Towards Generalist Robots: A Promising Paradigm via Generative Simulation
Zhou Xian, Theophile Gervet, Zhenjia Xu, Yi-Ling Qiao, Tsun-Hsuan Wang, Yian Wang
TL;DR
This paper argues that achieving generalist robots requires scalable, diverse low-level skill learning in the physical world. It proposes generative simulation, a pipeline that uses multimodal foundation models to automatically generate tasks, scenes, and training supervisions in simulation, with high-level planning aided by the same models and low-level policies learned via RL or trajectory optimization. By replacing costly real-world data collection with automated, simulated data generation grounded in real-world distributions, the approach aims to scale policy learning and move toward a unified generalist robot.
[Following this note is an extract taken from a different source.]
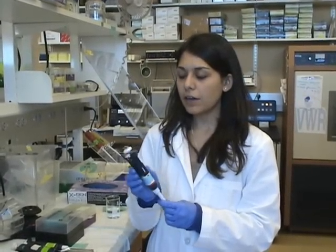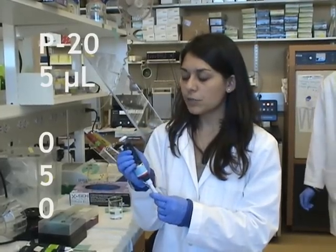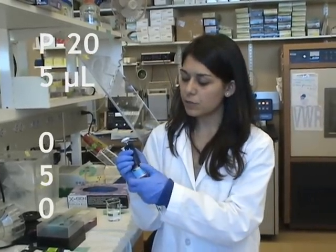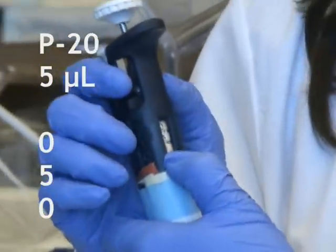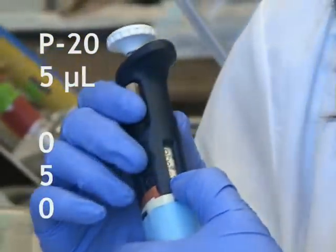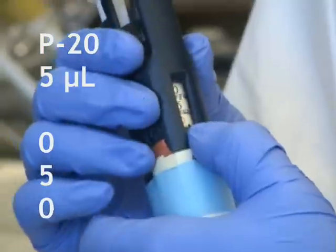So let's go over the P20. Like I said earlier, this measures 2 to 20 microliters. The first thing we want to do is set it — we're going to set this one to 5 microliters. We set it to 0, 5, 0. If you notice, there's a decimal point at the bottom, and if you look closely, the last number is indicated in red. So this would be 5 microliters.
While promising, it acknowledges limitations in simulator realism, potential model gaps for complex tasks, and the ongoing challenge of sim-to-real transfer and human demonstrations.
Abstract
This document serves as a position paper that outlines the authors' vision for a potential pathway towards generalist robots. The purpose of this document is to share the excitement of the authors with the community and highlight a promising research direction in robotics and AI. The authors believe the proposed paradigm is a feasible path towards accomplishing the long-standing goal of robotics research: deploying robots, or embodied AI agents more broadly, in various non-factory real-world settings to perform diverse tasks. This document presents a specific idea for mining knowledge in the latest large-scale foundation models for robotics research. Instead of directly using or adapting these models to produce low-level policies and actions, it advocates for a fully automated generative pipeline (termed as generative simulation), which uses these models to generate diversified tasks, scenes and training supervisions at scale, thereby scaling up low-level skill learning and ultimately leading to a foundation model for robotics that empowers generalist robots. The authors are actively pursuing this direction, but in the meantime, they recognize that the ambitious goal of building generalist robots with large-scale policy training demands significant resources such as computing power and hardware, and research groups in academia alone may face severe resource constraints in implementing the entire vision. Therefore, the authors believe sharing their thoughts at this early stage could foster discussions, attract interest towards the proposed pathway and related topics from industry groups, and potentially spur significant technical advancements in the field.